Deda da Tapioca - Fotos: Ilson Boca Venâncio

Por Ilson Boca Venâncio –

A personagem da minha história oral de hoje nasceu em Jati, Ceará.

Francisca Juvita dos Santos, ou Deda da Tapioca.

Sua barraca na área de alimentação da Nossa Feira da Rua Cuiabá era uma da mais movimentadas, e também uma das maiores, aonde eu ia com amigos, local onde os artistas gostavam de parar para se apresentar.

Ela me disse que a princípio foi difícil, pois foi vender um produto que não era consumido por hábito local, era difícil.

Apesar das nossas raízes nordestinas e indígenas, para mim que viveu entre nordestinos e farinheira onde se comia muito biju. Mais a tapioca recheada tão gostosa, em vários sabores como o que Deda faz não havia.

Ela me contou que aprendeu a fazer Tapioca com seu saudoso sogro, um pernambucano de São José do Belmonte, José Sabino dos Santos.

O espaço na feira foi seu pai que já era feirante que lhe cedeu, foi aí que ela com o esposo Antonio José Sabino dos Santos assumiram o desafio de vender tapioca na feira.

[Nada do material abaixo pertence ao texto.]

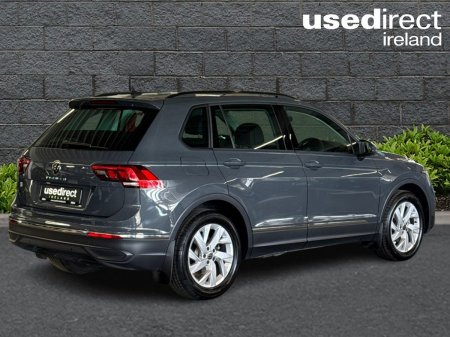2024 Volkswagen Tiguan - photo 2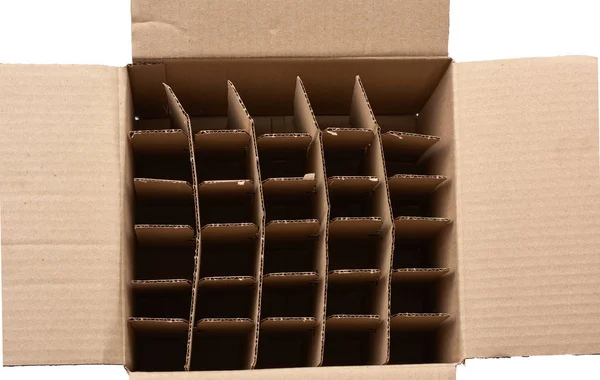 Открытая пустая картонная коробка с перегородками для транспортировки сломанных — стоковое фото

Conta que no primeiro dia vendeu só uma tapioca, no segundo duas, mais não desanimou, tocou em frente, “ O bom de vender um bom produto, é que quem come uma vez fica freguês, ainda faz a propaganda, assim logo o seu negócio se assegurou!

A venda foi crescendo e logo foi necessário Deda ampliar a oferta de produtos para suprir a demanda do movimento da feira que era grande. “Só as minhas frigideiras não davam conta, de atender toda a freguesia, tinha o pastel, mas esse tomava muito tempo”. Foi aí que com a parceria do Nelson, que pilotava uma chapa assando deliciosos espetinhos, logo sua barraca se tornou uma das mais movimentadas.

Ela me diz que se sente feliz vendendo seus alimentos, porque tem a consciência de estar vendendo um bom produto que faz bem à saúde. Me disse que a partir do momento que as pessoas foram tomando consciência das vantagens de consumir a tapioca, a venda foi crescendo e ela ia inovando com a variedade de recheios, salgados e doces, conforme o agrado da freguesia.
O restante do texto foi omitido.